学生実験でも行うような一般的な化学反応の反応条件を考慮すると、「定温定圧条件下で系に流入する熱量=系のエンタルピー変化」を見積もることは重要です。今回は、様々な物質の熱力学量から任意の反応のエンタルピー変化やその温度依存性を議論できるようになることを目指します。また、エントロピーの定義と熱力学第2法則を確認し、その変化量を定義にしたがって正確に計算する演習を行います。
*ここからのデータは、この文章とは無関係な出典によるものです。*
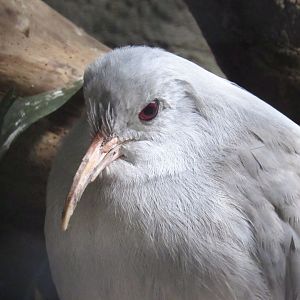Kagu
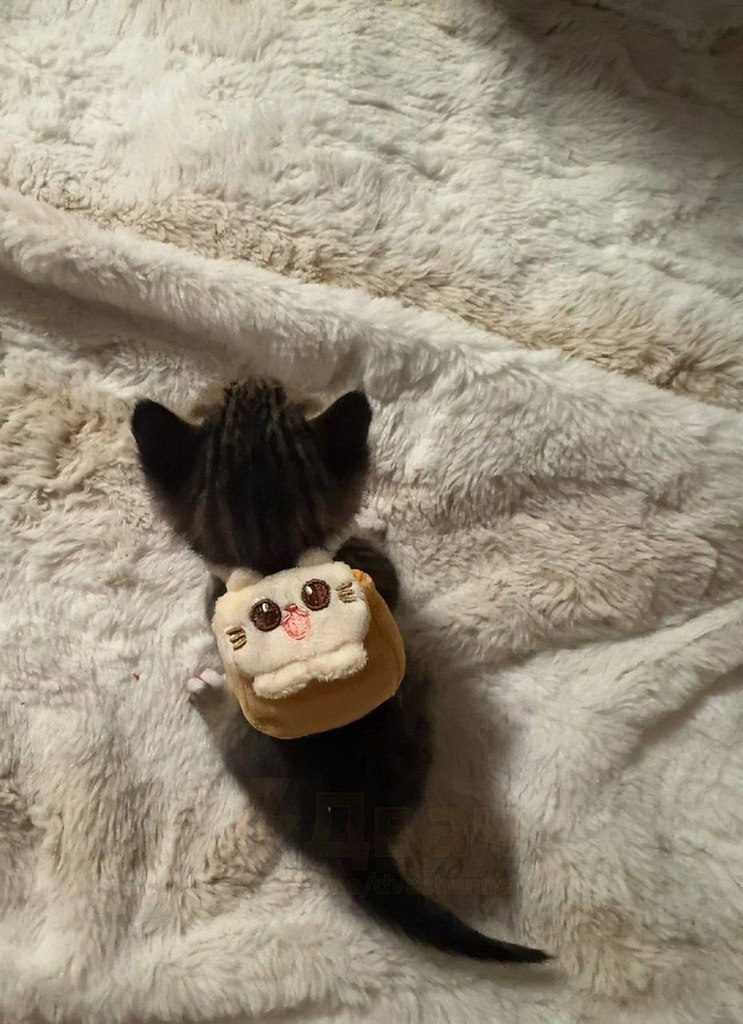 � �a �������� ������ �a���a���, �p�����c� � �ex. ������ �� ������ ���. - 2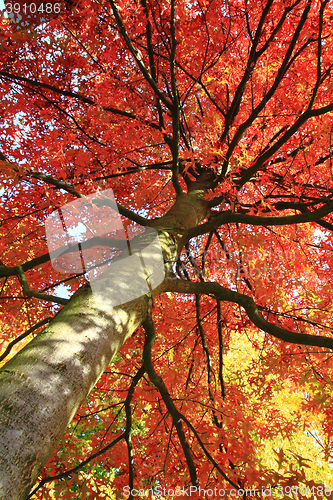 Image of autumn tree background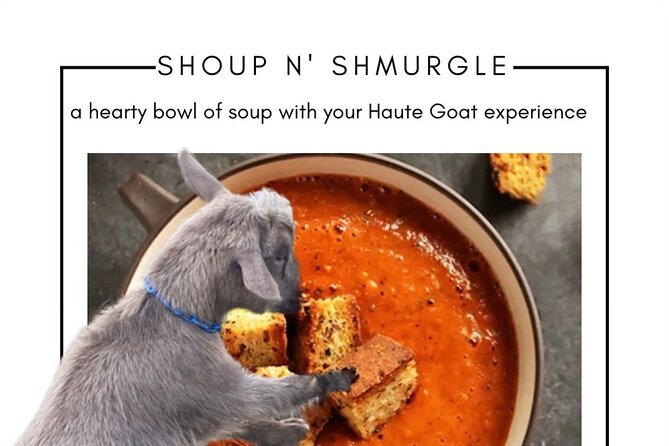 Haute Goat Shmurgle in Ontario - Goat Playground: where the bonding happens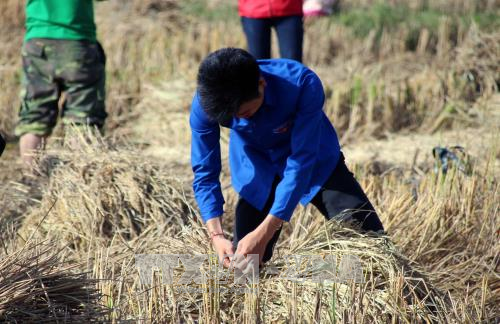 Cảnh sát cơ động Sơn La giúp bà con thu hoạch lúa ảnh 3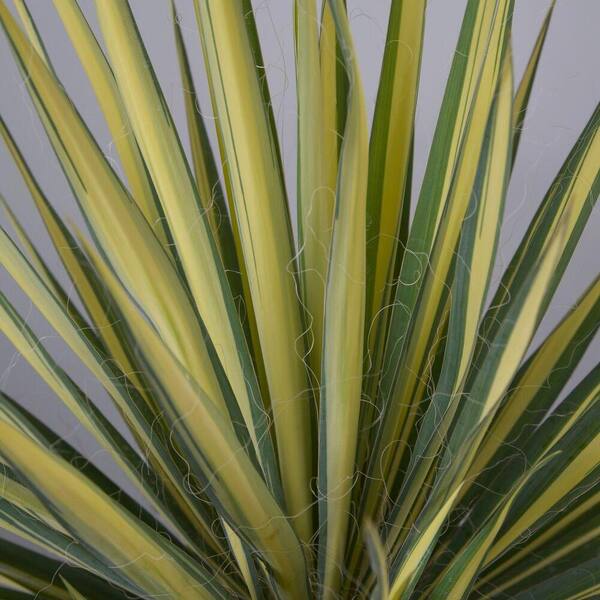 Vigoro 2 Gal. Color Guard Yucca(Adam's Needle), Live Plant, Unique Variegated Blade-Shaped Foliage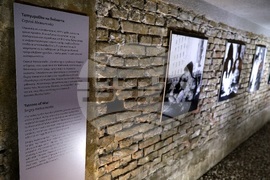 Изложба - „Визуалната история на Миколаев: Татуировки на войната"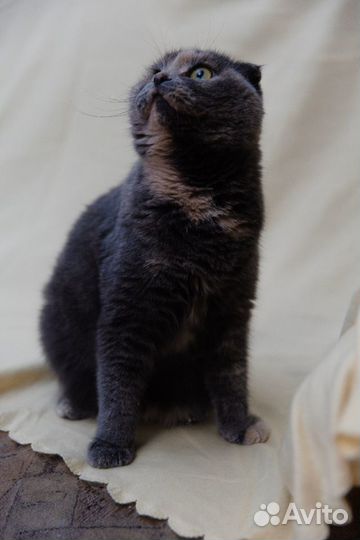 Кошки в добрые руки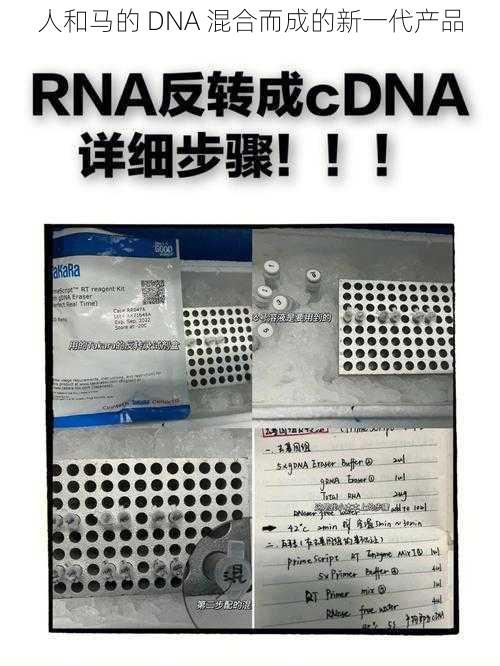 人和马的 DNA 混合而成的新一代产品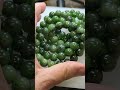 nephrite jade 7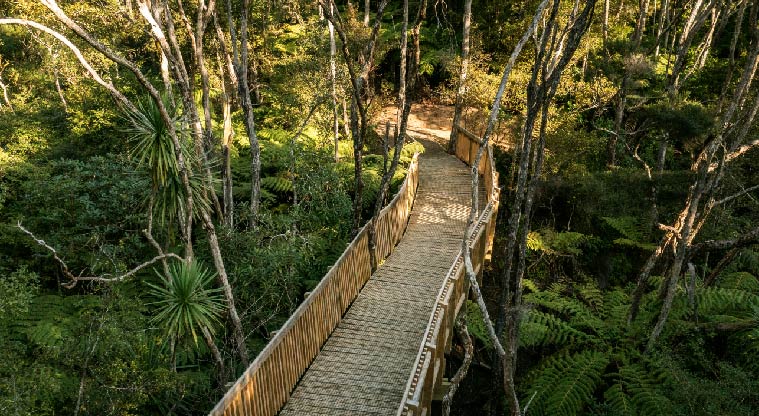 Birkenhead War Memorial Path - Wooden high bridges overlooking greenery.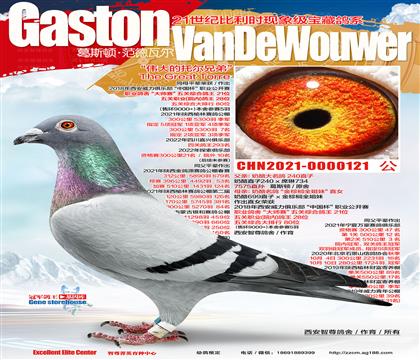 ����240��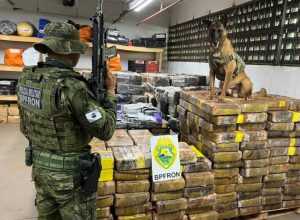 pmpr-apreende-1,5-tonelada-de-maconha-escondida-em-area-de-mata-em-santa-helena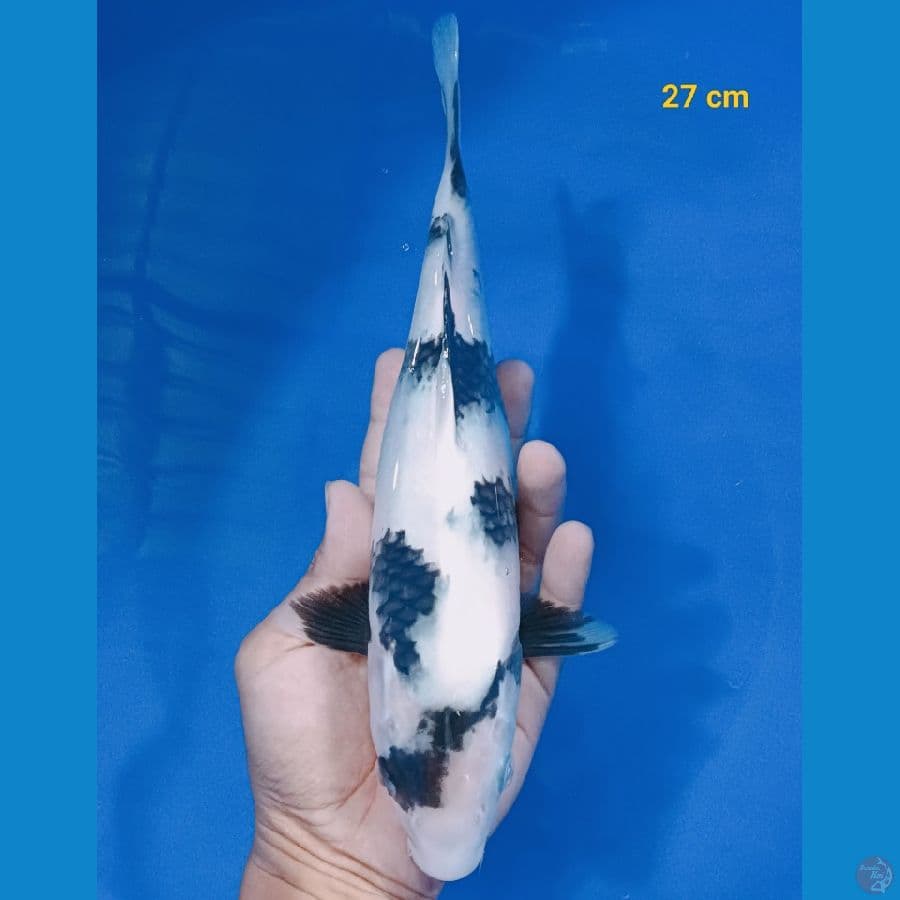 SQ Shiro 27 cm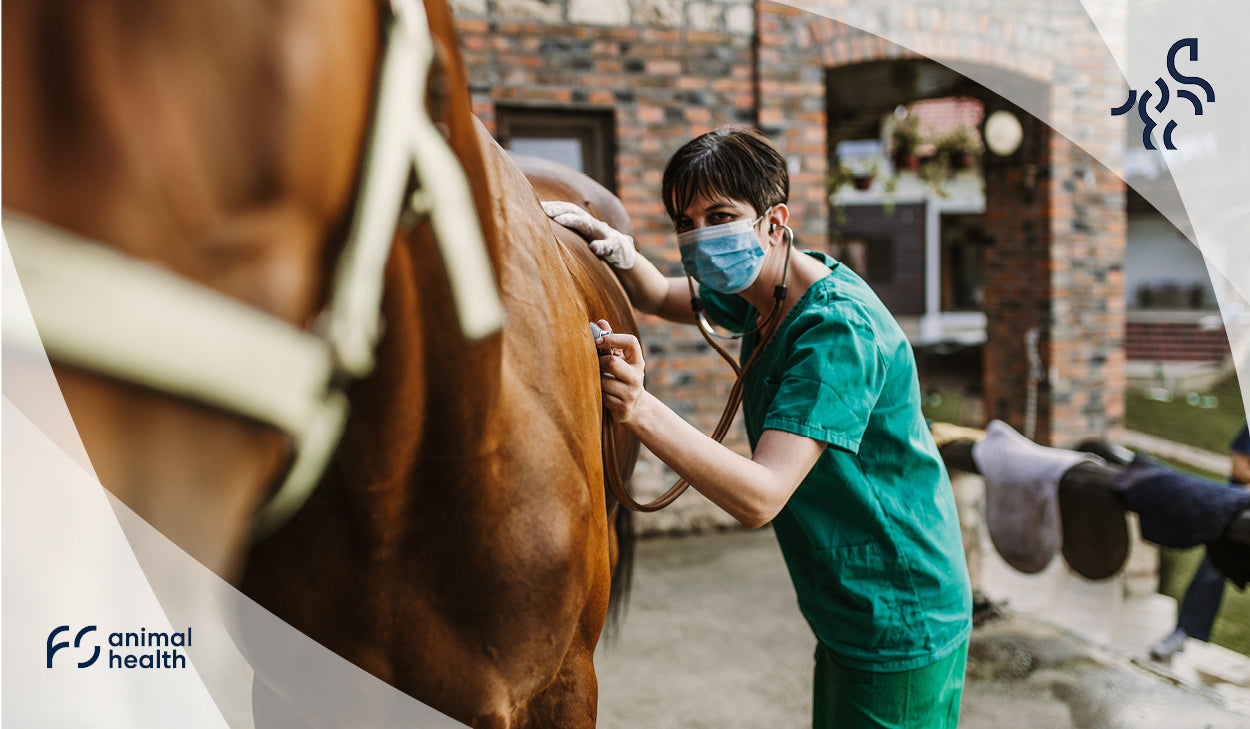 Fecal water in horses - What can be done?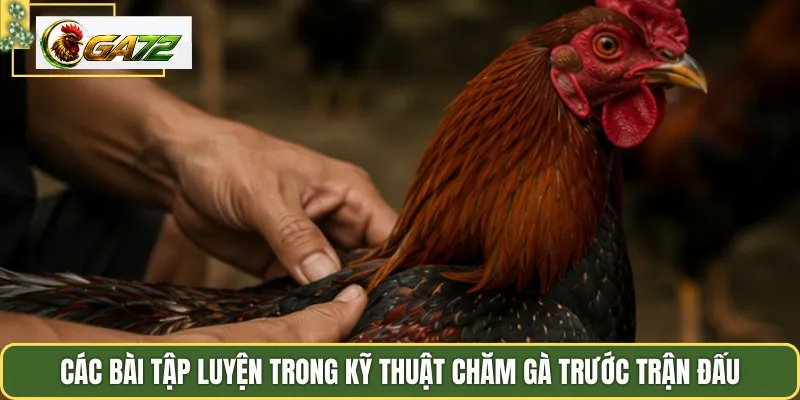 Các bài tập luyện trong kỹ thuật chăm gà trước trận đấu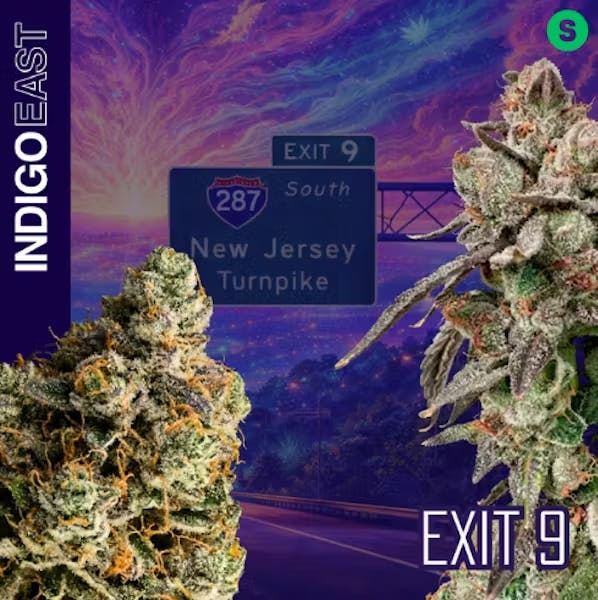 Exit 9 | 3.5g Flower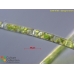 Spirogyra varians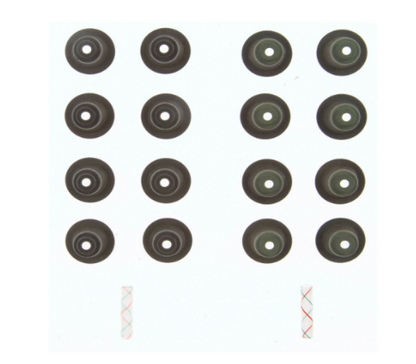 Fel-Pro Valve Stem Oil Seal Set | Ford Ranger (19-26) / Bronco (21-26) (SS72917)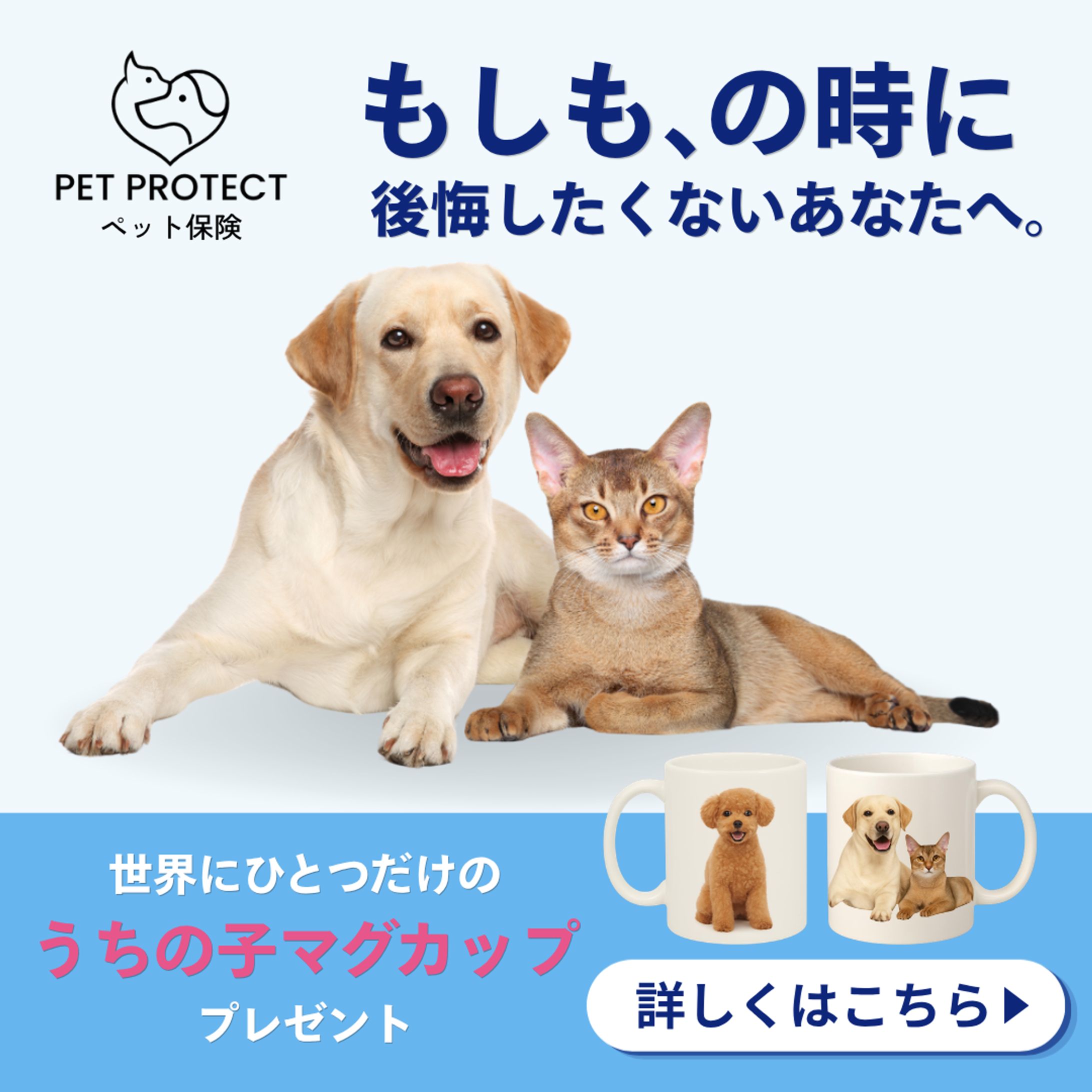 【架空案件】ペット保険-1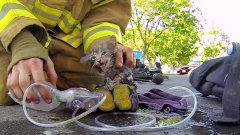Fireman saves kitten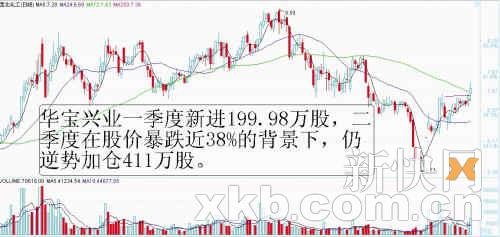 ����������������11.8�� ������ҵ���ƼӲ�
今回の熱力学第2法則が登場し、熱力学を化学の様々な事象・系に応用するための基本事項がそろいます。これまでの内容を身につけ、化学熱力学を使えるように学習を進めましょう。
今回の要点
- 化学反応のエンタルピー変化とその温度依存性を計算できるようになる。
- エントロピーの定義と熱力学第2法則を理解する。
物理化学演習 第3回
復習編
第3回では理想気体の断熱変化、反応エンタルピーとその温度依存性、そして、熱力学第2法則とエントロピーについて学びました。特に、大学で扱う反応エンタルピーと高校で扱った熱化学方程式との違いを比較し、種々な反応熱の定義とそれを利用した様々な化学反応のエンタルピー変化の計算を演習しました。さらに、エンタルピーの温度依存性を考慮して、標準反応エンタルピーと定圧モル比熱から、任意の温度における反応エンタルピーを導出する方法を確認しました。加えて、熱力学第2法則から自発変化の方向を知るための熱力学変数であるエントロピーの熱力学的定義と統計力学的定義を学びました。
今後は物理変化や化学変化に関するエネルギーの収支(熱力学第法則)という視点から、それらの変化の方向性と進行の度合いに注目していきます。熱力学の知見を化学に応用する大事な項目がたくさんでてきますので、第4回以降の内容もしっかり身につけていきましょう。
復習ポイント
- 理想気体の断熱変化の特徴を理解する。
- 様々な反応のエンタルピー変化を計算できるようになる。
- 任意の温度における反応エンタルピーを計算できるようになる。
- エントロピー変化に注目して、熱力学第2法則によって自発変化の方向を判断できるようになる。